_Required action_
Give a verbatim copy of the lines below, minus the pictures.

_Given material_
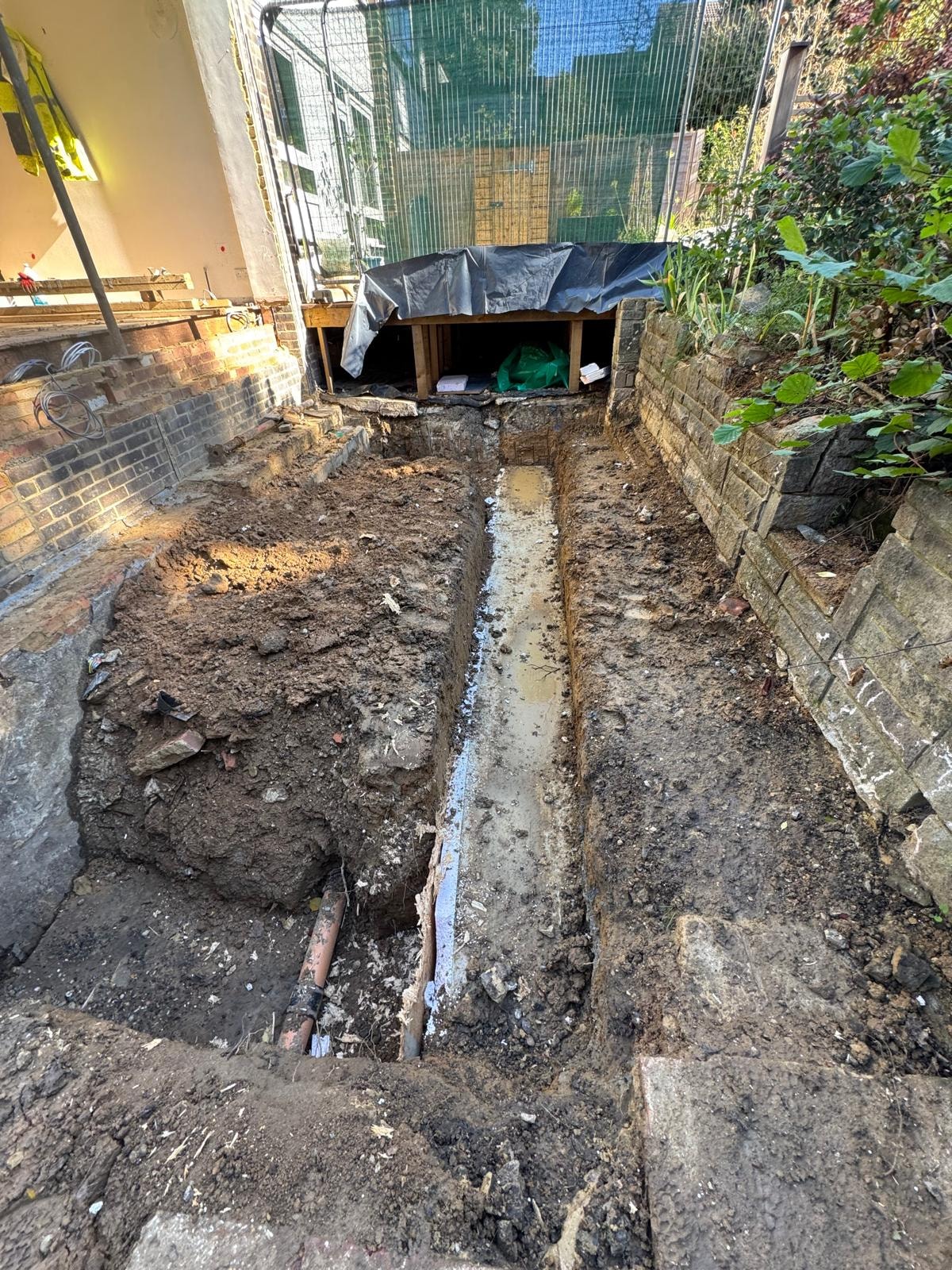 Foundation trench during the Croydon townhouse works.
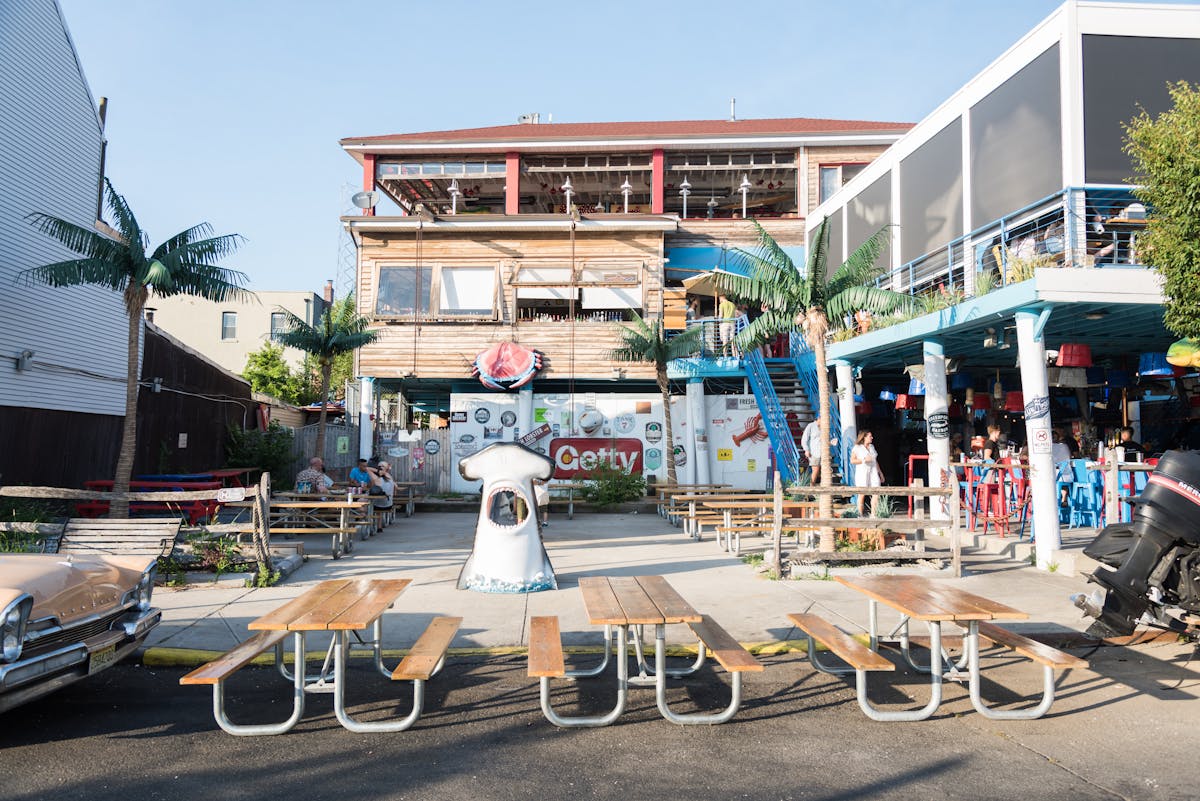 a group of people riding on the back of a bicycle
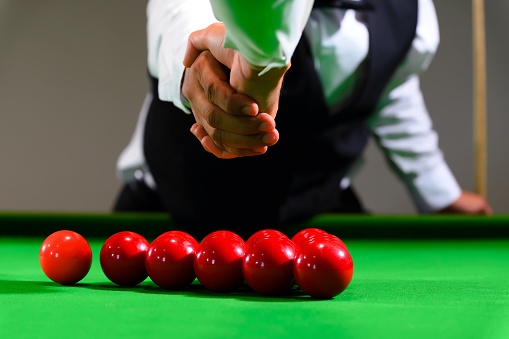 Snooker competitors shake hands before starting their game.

_Solved problem_
 Foundation trench during the Croydon townhouse works.
 a group of people riding on the back of a bicycle
 Snooker competitors shake hands before starting their game.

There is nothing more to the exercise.